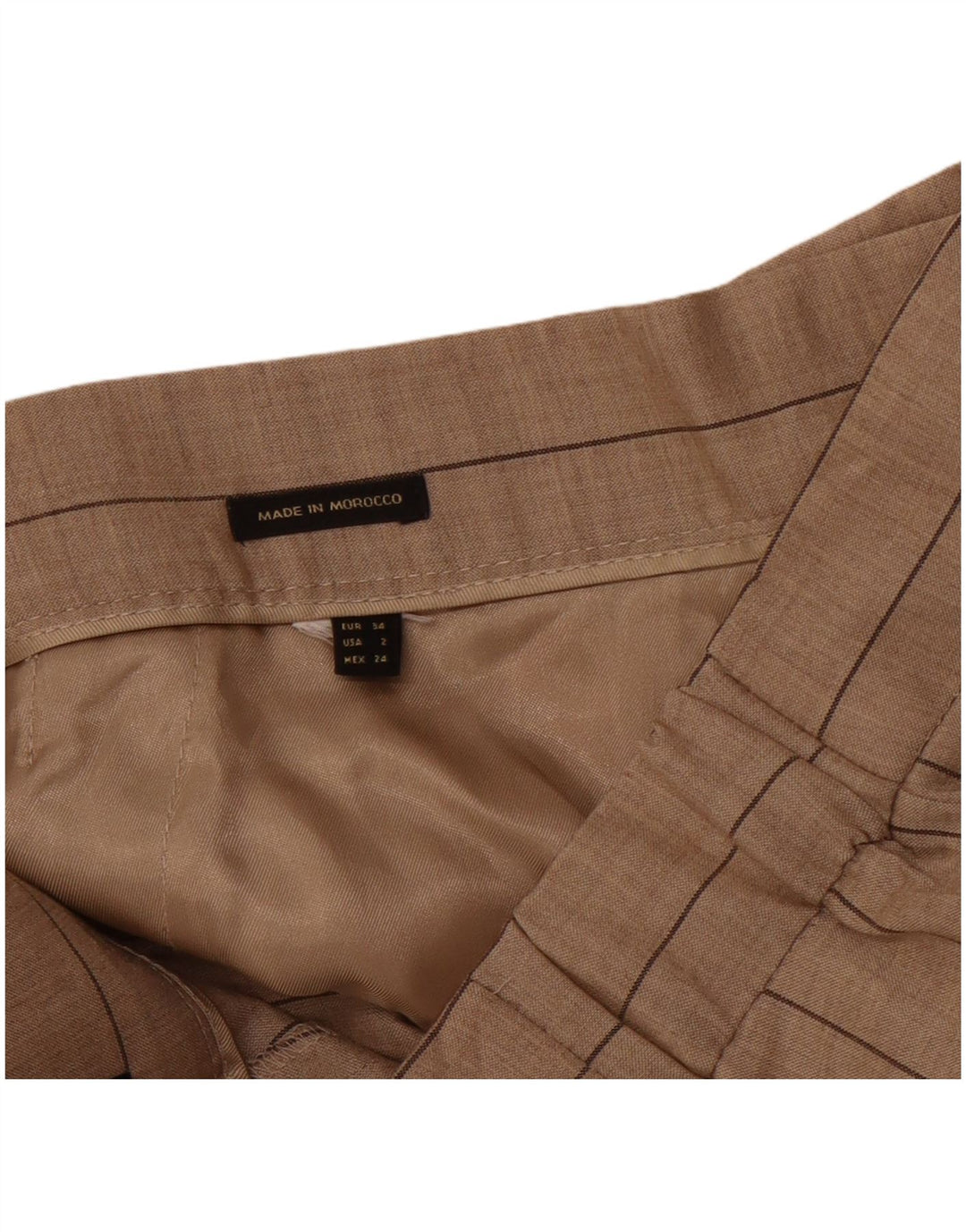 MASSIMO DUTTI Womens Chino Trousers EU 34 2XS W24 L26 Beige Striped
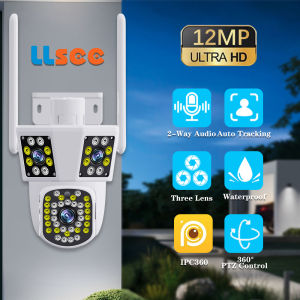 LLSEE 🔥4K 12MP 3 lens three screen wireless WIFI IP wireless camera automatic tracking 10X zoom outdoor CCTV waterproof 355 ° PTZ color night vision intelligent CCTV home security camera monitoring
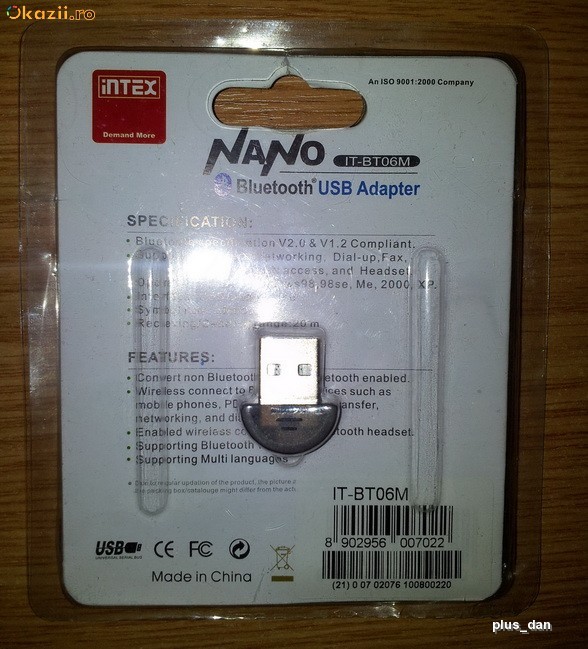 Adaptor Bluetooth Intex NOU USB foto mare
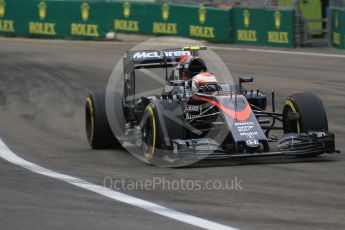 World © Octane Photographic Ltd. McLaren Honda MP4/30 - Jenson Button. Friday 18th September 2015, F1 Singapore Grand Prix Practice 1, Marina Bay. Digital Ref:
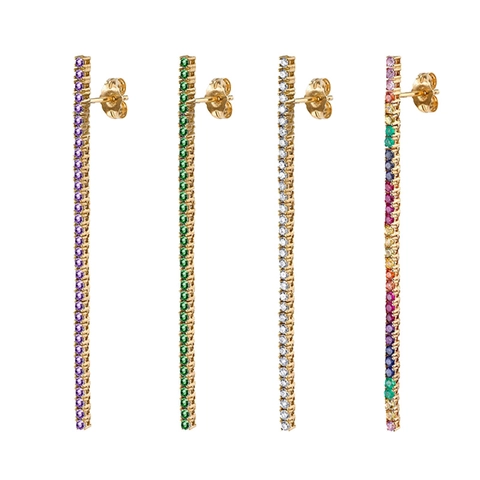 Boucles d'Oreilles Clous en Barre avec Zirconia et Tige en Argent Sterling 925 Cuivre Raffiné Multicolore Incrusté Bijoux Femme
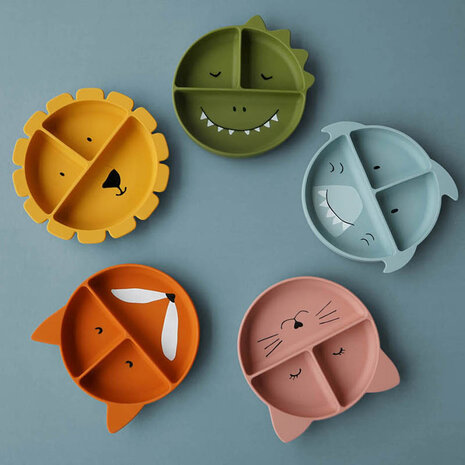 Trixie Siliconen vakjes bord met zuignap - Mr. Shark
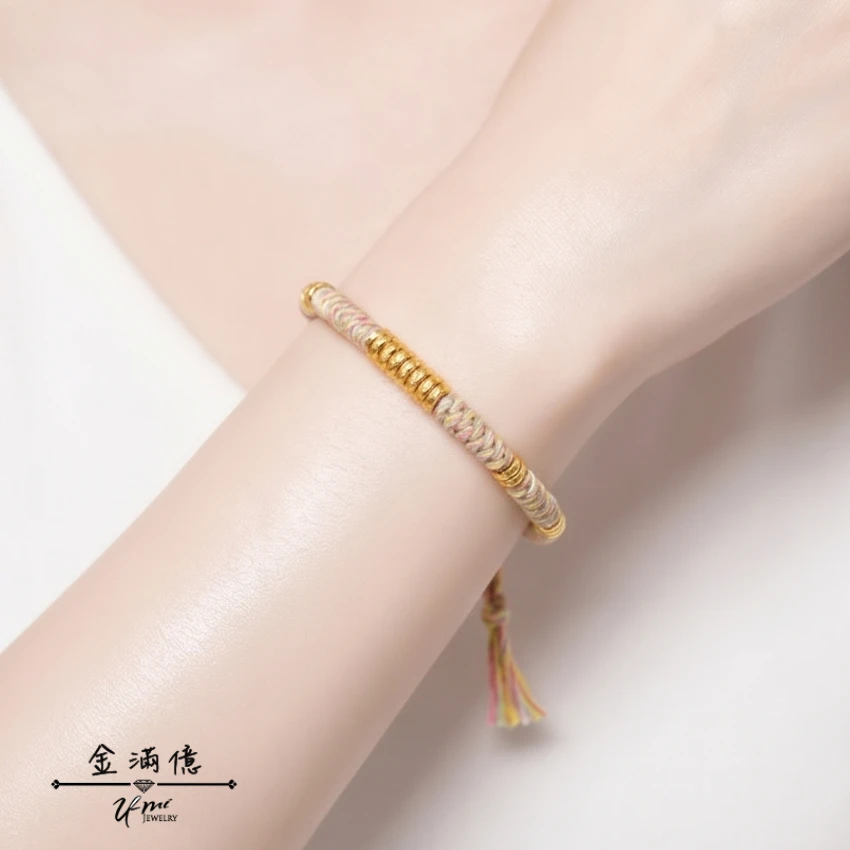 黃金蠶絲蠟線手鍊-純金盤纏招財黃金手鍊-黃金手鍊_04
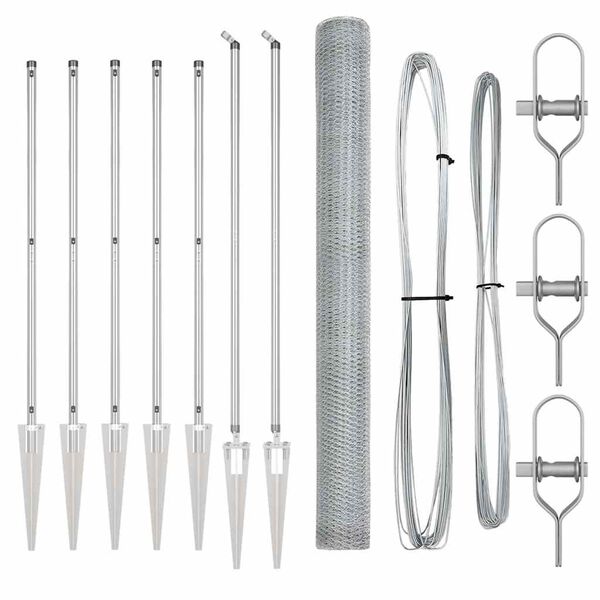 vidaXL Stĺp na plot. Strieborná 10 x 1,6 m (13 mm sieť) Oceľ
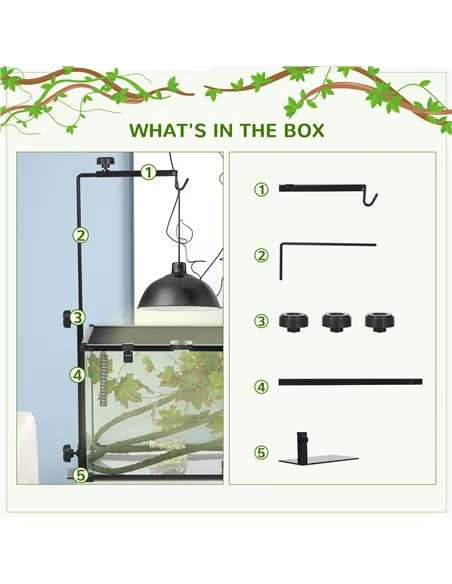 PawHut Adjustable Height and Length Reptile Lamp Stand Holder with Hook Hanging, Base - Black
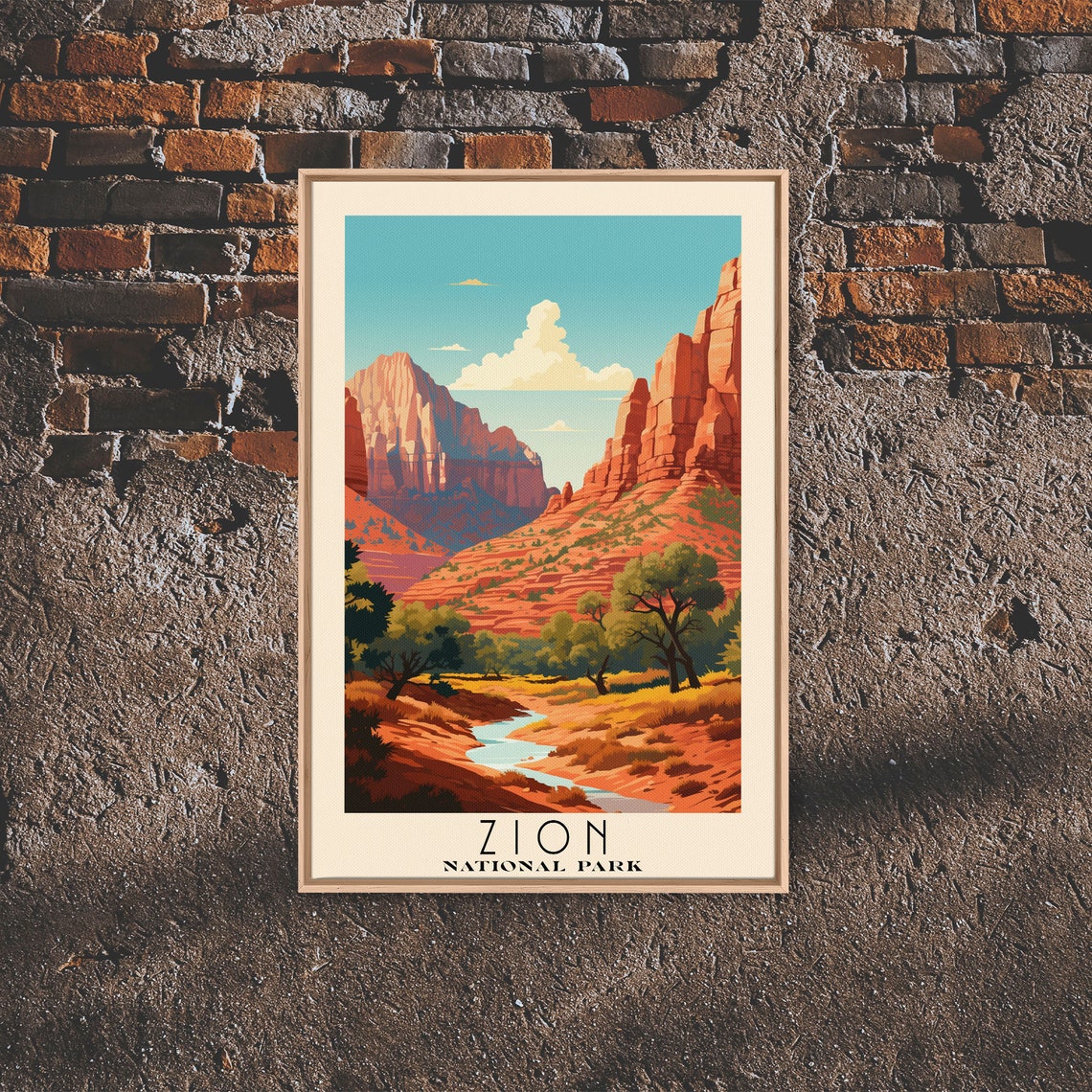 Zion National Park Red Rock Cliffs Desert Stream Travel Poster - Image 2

────────────────────

• [What needs to be done]: What is needed is a verbatim transcription of the records, minus the pictures.

• [Written answer]:
 MASSIMO DUTTI Womens Chino Trousers EU 34 2XS W24 L26 Beige Striped
 LLSEE 🔥4K 12MP 3 lens three screen wireless WIFI IP wireless camera automatic tracking 10X zoom outdoor CCTV waterproof 355 ° PTZ color night vision intelligent CCTV home security camera monitoring
 Adaptor Bluetooth Intex NOU USB foto mare
 World © Octane Photographic Ltd. McLaren Honda MP4/30 - Jenson Button. Friday 18th September 2015, F1 Singapore Grand Prix Practice 1, Marina Bay. Digital Ref:
 Boucles d'Oreilles Clous en Barre avec Zirconia et Tige en Argent Sterling 925 Cuivre Raffiné Multicolore Incrusté Bijoux Femme
 Trixie Siliconen vakjes bord met zuignap - Mr. Shark
 黃金蠶絲蠟線手鍊-純金盤纏招財黃金手鍊-黃金手鍊_04
 vidaXL Stĺp na plot. Strieborná 10 x 1,6 m (13 mm sieť) Oceľ
 PawHut Adjustable Height and Length Reptile Lamp Stand Holder with Hook Hanging, Base - Black
 Zion National Park Red Rock Cliffs Desert Stream Travel Poster - Image 2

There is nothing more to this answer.